Climate psychology, as a social critique and as an emancipatory practice, began to take off in 2009 in the aftermath of the disappointment of COP 15 in Copenhagen. A psycho-social approach was central to this development. It informed the way in which the Climate Psychology Alliance (CPA) approached the question of individual and cultural disavowal and subsequently, as more and more of the global North appeared to come out of disavowal, it informed our exploration of climate-related anxiety and despair. And in undertaking this exploration we began to understand how such existential precarities, so new to the wealthy of the North, were so familiar to the lives of the billions inhabiting rest of the globe.

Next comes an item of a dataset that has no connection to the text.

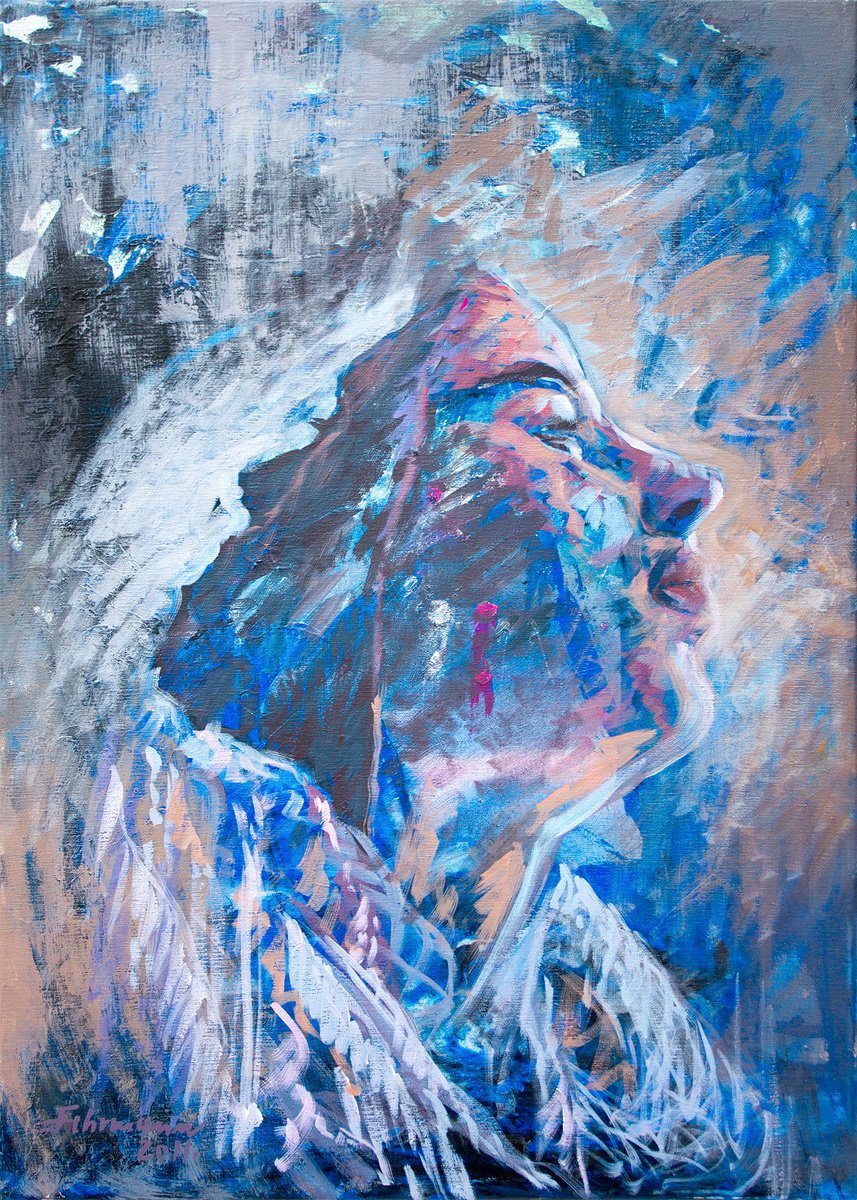 Expressive Portrait Acrylic Painting By Uwe Fehrmann, 22 X 30", Evening Light, Original Artwork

Twelve years later we have had to endure perhaps the even deeper disappointment of COP 26 at Glasgow and now, as I write, of a world perhaps already tipping into a state of permanent ecological and social disruption and collapse. That social and political chaos would swiftly attend climate chaos was an idea that many within the climate movement had anticipated. During these twelve years we have been forced to question many of our self-limiting assumptions and have been led towards new realisations – that we need to go beyond the psycho-social to the ‘eco-psycho-social’; of just how deeply racism, classism and patriarchy constrain the way in which ‘we’ see ourselves and the world; indeed of just how specific and partial this ‘we’ is that ‘we’ speak of.

Shelot Masithi:

Climate Change and Thirst

Biography

Shelot is a young environmental activist from South Africa. She is a psychology student with a passion for collective interventions for mankind’s collective trauma. She is the founder of She4Earth; an organisation that’s educating children and youths about environmental crises with solutions rooted in Ubuntu. She is a volunteer at Force of Nature, a Social Change Ambassador at Thred Media, and YOUNGA 2021 Youth Delegate. She is also an author and a passionate hiker.

Abstract

The psychology of not having enough water to drink is immediate – this has heightened widespread anxiety and frustration amongst people, especially youths. As a young person, I am torn between solving the climate issues I live with daily and being a youth free of this burden. World leaders pledged, not just to us in this room, but to the whole world during COP26, that they’ll put an end to climate inaction. However, it is frightening that we have not seen them since. Suffocating in thirst, eco-anxiety and the trauma left by climate catastrophes, young people like me continue to be the bigger person in the room.

Individual psychology is a largely British import into the African continent. Psycho-social Studies and Climate Psychology have the intention of shedding or at least reforming that legacy by paying respectful attention to the more collective traditions of the colonised world. If we took the perspective of ubuntu and applied it to water scarcity and the collective experience of thirst, where will that lead a community like my own to go beyond post-COP inaction and take into our own hands the prospect of improving that frightening future?

This is what I shall begin to map in my talk.